“Competition for the College Board, Now More Than Ever”

 

Dear Friends,

A very informative article written by Emmett McGroarty and Jane Robbins. Emmett McGroarty is Education Director at American Principles Project. Jane Robbins is a senior fellow at American Principles Project.

“Competition for the College Board, Now More Than Ever” 

When teachers and scholars began to speak out against its 2014 Advanced Placement U. S. History (APUSH) Framework, the College Board initially dismissed the critics as extremists unworthy of attention. The response changed somewhat when the Texas State Board of Education challenged the curriculum’s leftist tenor.

Texas’s status as a major supplier of lucrative AP students prompted the College Board to move into Phase Two of its defense, hiring high-powered lobbying firms to persuade critics that the Framework didn’t say what it said. Phase Three – agreeing to consider the objections and revise the Framework – didn’t happen until the College Board learned of serious discussions to create competition to its near-monopoly on advanced placement courses.
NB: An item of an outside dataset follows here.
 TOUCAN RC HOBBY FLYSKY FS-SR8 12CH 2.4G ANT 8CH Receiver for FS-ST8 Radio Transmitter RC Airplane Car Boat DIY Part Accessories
So now, only a week or so before many APUSH teachers and students head back to school, the College Board released its “updated” Framework. Problem solved? Not quite.

To be sure, the College Board has now excised the most egregious statements in the Framework (for example, the claim that Manifest Destiny was about “racial and cultural superiority” and that the Cold War ended only when Ronald Reagan ceased his “bellicose” behavior and made friends with Gorbachev). It has also toned down the suffocating emphasis on identity-group conflict and the leftist trinity of race, gender, and class as the lens through which all of American history must be viewed.

To address the absence of important individuals, events, and concepts, the College Board has now plugged in a mention of some of the most glaring omissions. American exceptionalism? Check. James Madison? Check. D-Day? Check. Rev. Martin Luther King? Check.

But underlying problems remain. The updated Framework, though certainly less problematic than the original, continues to emphasize global perspectives, cultural blending and conflict, and other themes dear to the hearts of leftist college professors. But the worst problem is not what it contains, but what it doesn’t.

Yes, the concept of American exceptionalism is mentioned, but there’s no explanation of what that means or why it’s important. History professor Larry Schweikart has elucidated the four primary components of American exceptionalism: “1) a Christian, mostly Protestant religious heritage; 2) a heritage of common law; 3) a free market; and 4) private property with titles and deeds.” As Dr. Schweikert notes, “While #3 did not come along arguably until the nation was well-founded, the other three were at work in American colonial history as nowhere else in the world, not even England.”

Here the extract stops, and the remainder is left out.